Marcello moved into the leadership position with few real challenges, mostly because he made money for everyone. He continued the family policy of working with national mobsters where there would be mutual benefits – a cooperative policy that allowed mobsters from outside Louisiana to come in only with the welcome of the local organization. While outside mobsters weren’t allowed into New Orleans without permission, that didn’t stop Marcello from expanding operations to other areas of the South, notably Dallas, which became effectively an offshoot of his New Orleans operation, and (again in cooperation with other mobsters, notably the Chicago Outfit and the Five Families of New York), South Florida. There, Marcello worked with the boss of the Tampa Mafia, Santo Trafficante Jr. The Tampa and New Orleans Sicilian Mafias had a long and close historical relationship, and the two mobsters were personal friends.

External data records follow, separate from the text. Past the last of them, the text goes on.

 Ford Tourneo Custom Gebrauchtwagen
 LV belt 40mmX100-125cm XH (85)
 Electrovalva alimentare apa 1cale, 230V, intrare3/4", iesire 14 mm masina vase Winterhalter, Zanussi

The connections would ultimately lead to speculation, conjecture and conspiracy theories that put Marcello, along with Trafficante and/or Sam Giancana of the Chicago Outfit, in league to assassinate President John F. Kennedy in November 1963. Marcello and his pals had reason to be angry with Kennedy, whom the Mob helped elect but who unleashed his brother, Attorney General Robert Kennedy, in a crusade against organized crime.
Robert Kennedy in particular wanted Marcello’s head because the mobster had managed to avoid serious jail time and had the backing of corrupt state and city government officials.

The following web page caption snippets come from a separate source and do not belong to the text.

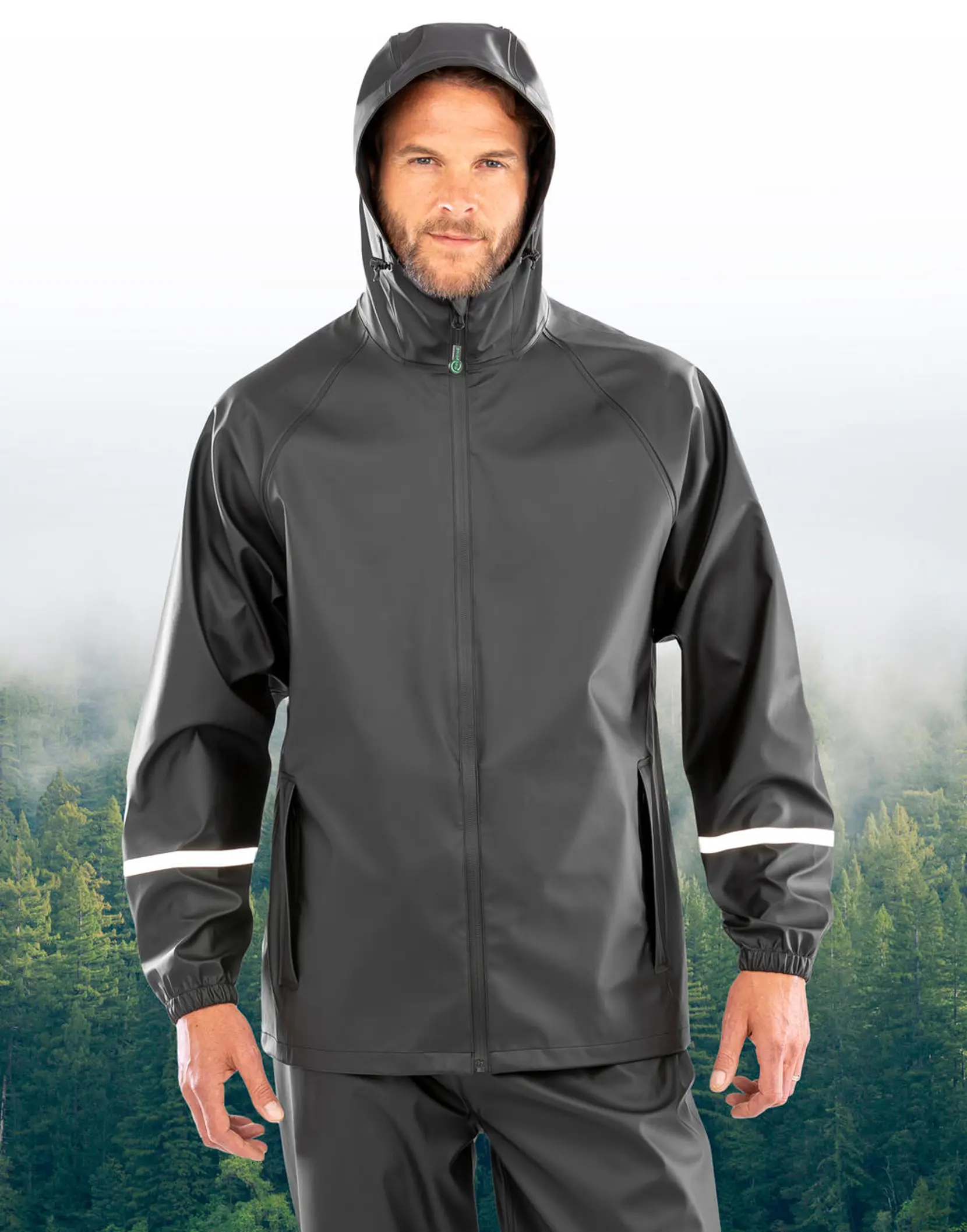 Bild på Prism Pu Waterproof Jacket 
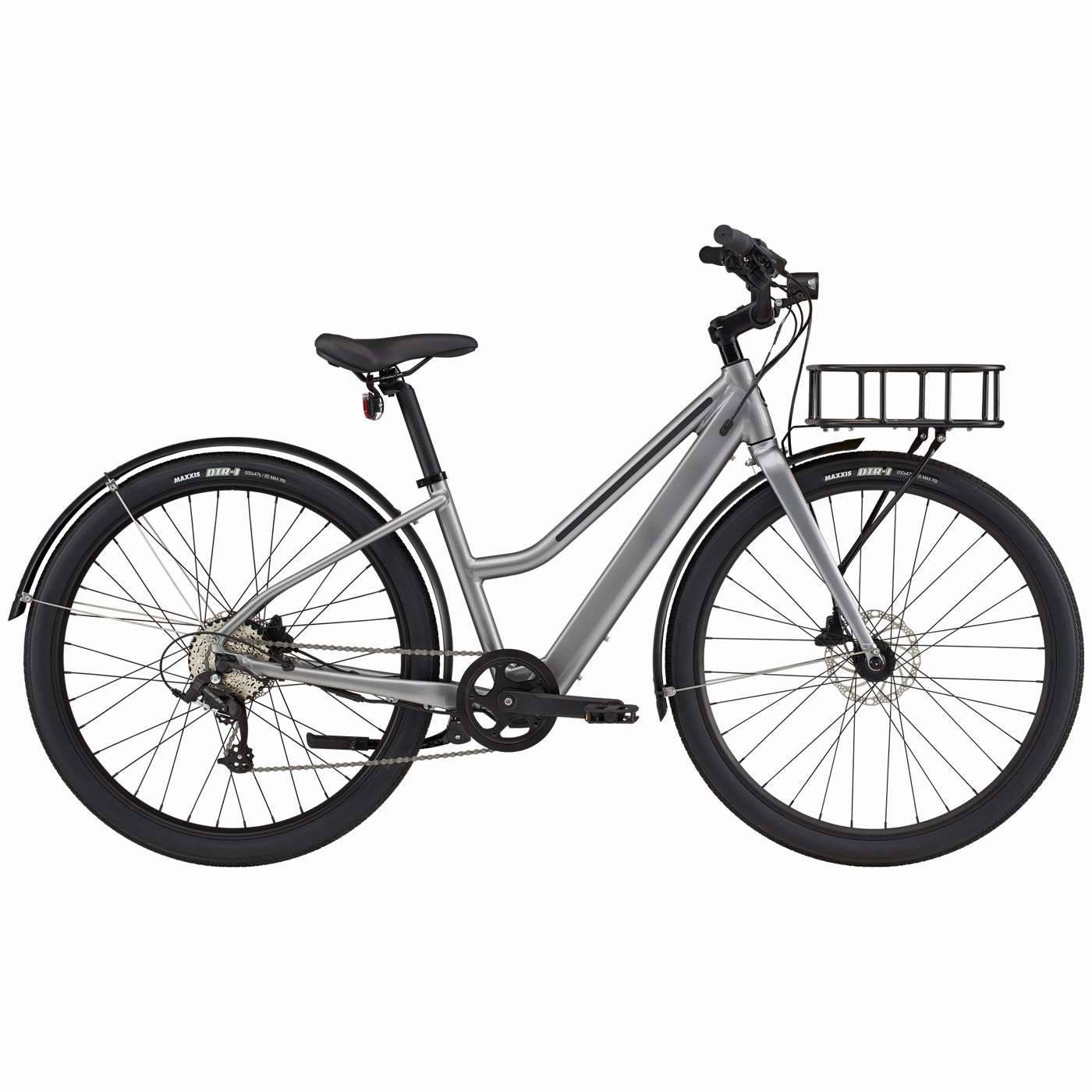Cannondale Treadwell Neo 2 EQ Remixte - Grey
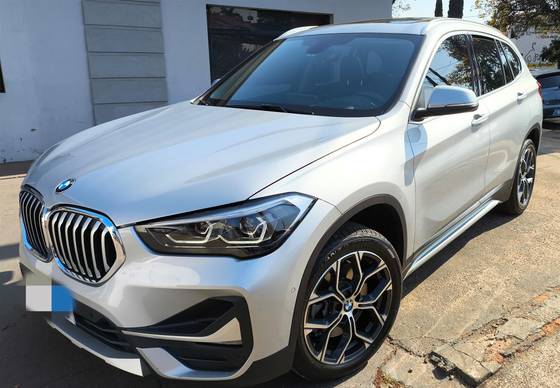 BMW X1 2021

The Kennedys and Marcello had a history. In 1959, Marcello was called to testify before the Senate’s McClellan Committee on organized crime, which included John F. Kennedy as senator and Robert Kennedy as legal counsel. Marcello, pleading the Fifth Amendment right against self-incrimination, refused to testify. Shortly after Kennedy was sworn in as president, in 1961, Marcello was deported as an undesirable alien to Guatemala, but Marcello made his way back to the United States and his lawyers prevented another deportation.
Enriching the conspiracy theories, Jack Ruby, the strip club operator in Dallas, was an associate of the Marcello and Giancana organizations, and there is no question that Ruby shot and killed the putative assassin, Lee Harvey Oswald, in the Dallas Police headquarters three days after Oswald was arrested. And Oswald himself had an uncle in New Orleans, Charles “Dutz” Murret, who was a well-known associate of the Marcello organization.

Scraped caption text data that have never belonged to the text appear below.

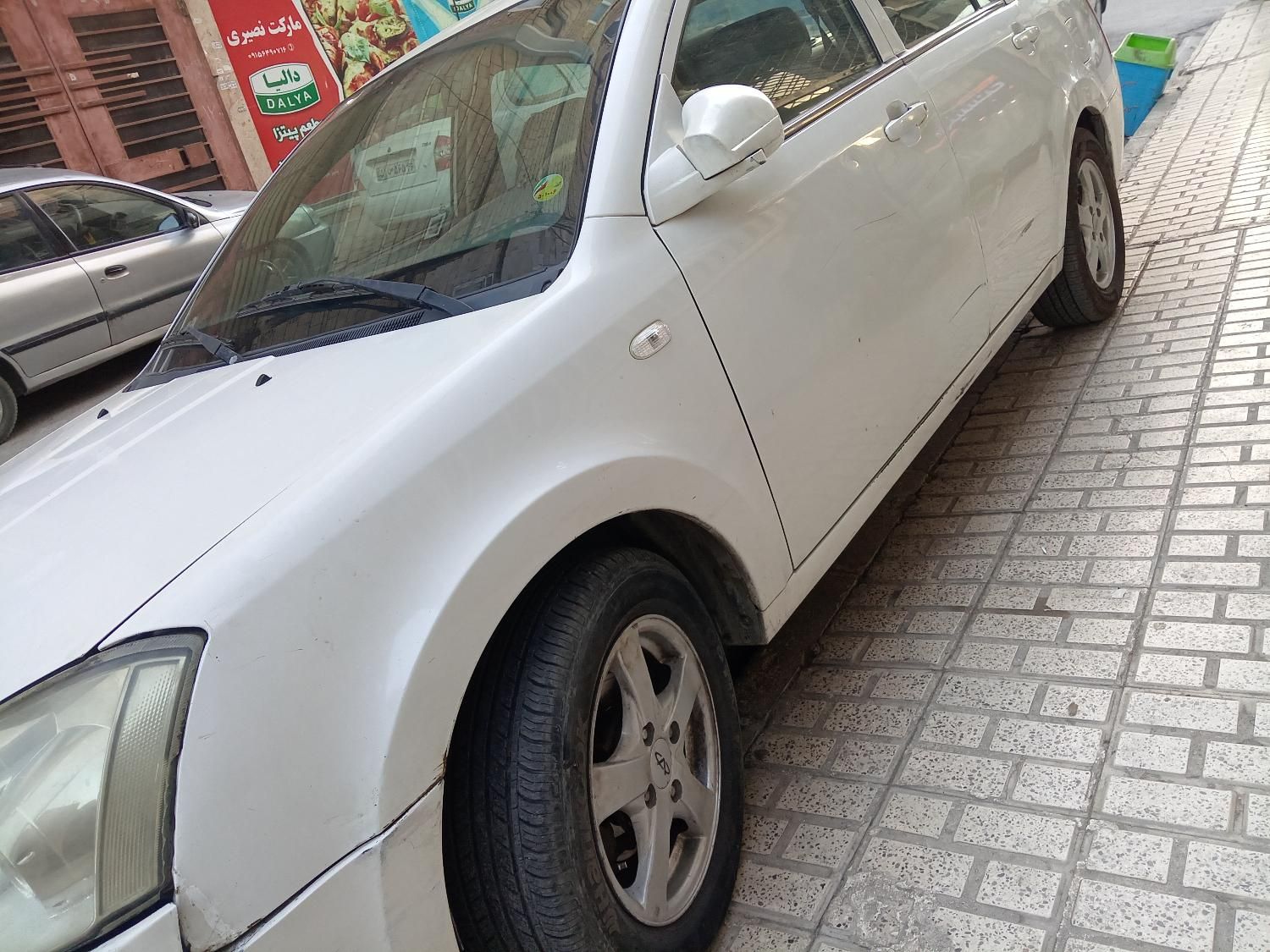 ام وی ام 530 دنده ای - 1392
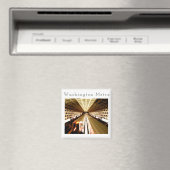 Washington Metro Magneet (Insitu (Vaatwasser))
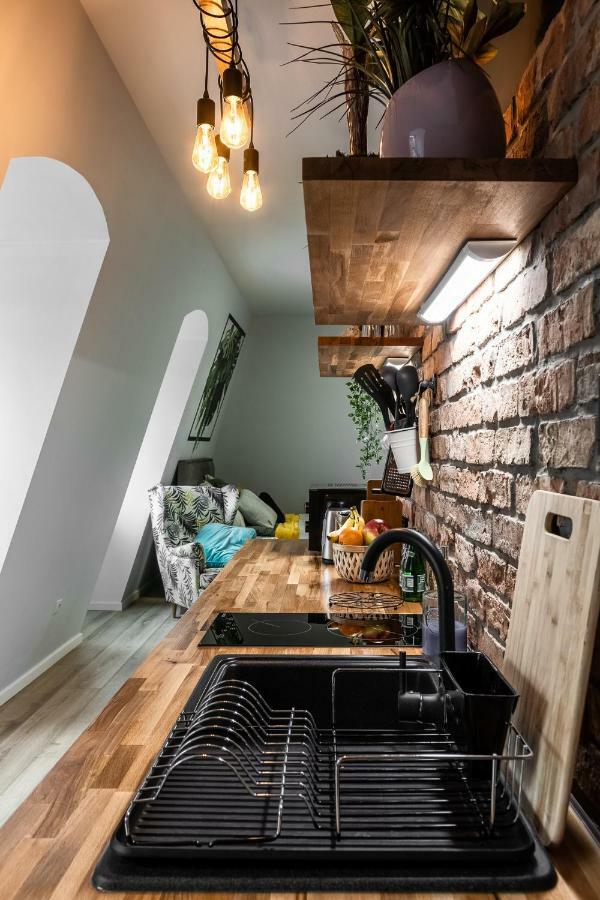 Apartment Old Town - Riverside Lux Stettin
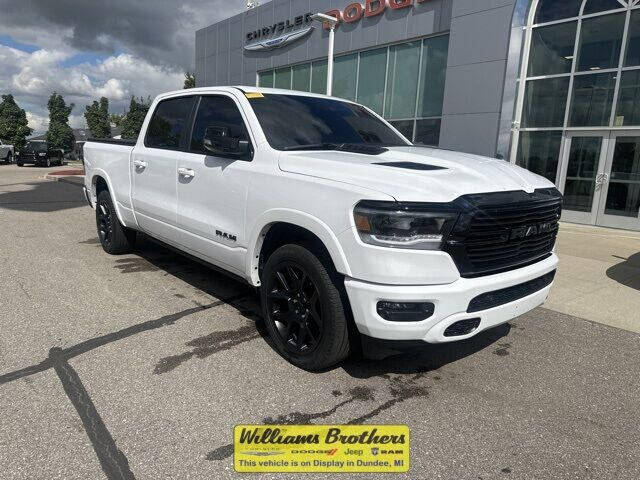 2022 RAM 1500 for sale at Williams Brothers Pre-Owned Monroe in Monroe MI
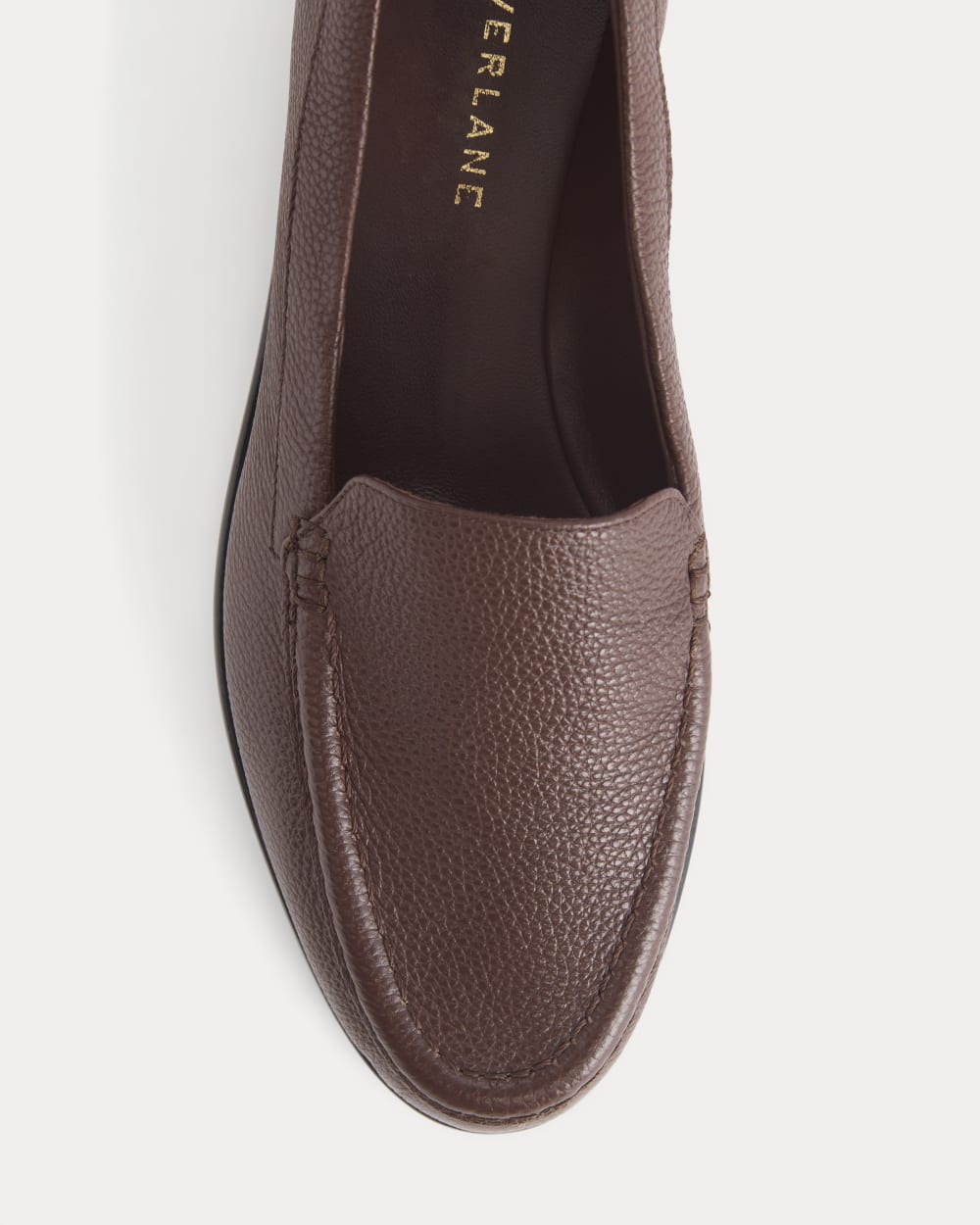 Made in Italy Loafer | Mocha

There are as many doubters as champions of the Mob-as-assassin conspiracy theories, but the many connections among Marcello, Oswald and Ruby continue to fuel the debates.
In 1966, Marcello served six months of a two-year sentence for assaulting an FBI agent. He managed to avoid the criminal courts for the next 15 years.
Later in life, at age 72, Marcello received two felony convictions. In January 1982, a federal judge sentenced Marcello to seven years in prison for his conviction on one count of conspiracy in the “Brilab” corruption and labor racketeering case. Marcello and other defendants had conspired to accept bribes and kickbacks to provide large state insurance contracts in Louisiana to three salesmen who turned out to be undercover FBI agents conducting a sting operation.
Then, in April 1982, Marcello got an additional 10 years in federal prison for his part in an effort to bribe a federal judge in Los Angeles who was set to preside over a racketeering case to be brought against a number of defendants, including Marcello.
In 1989, the 5th U.S. Circuit Court of Appeals threw out Marcello’s Brilab conviction, and he was released from prison. But he had suffered several strokes and effectively retired from the rackets.
He died at his Metairie, Louisiana, home on March 2, 1993.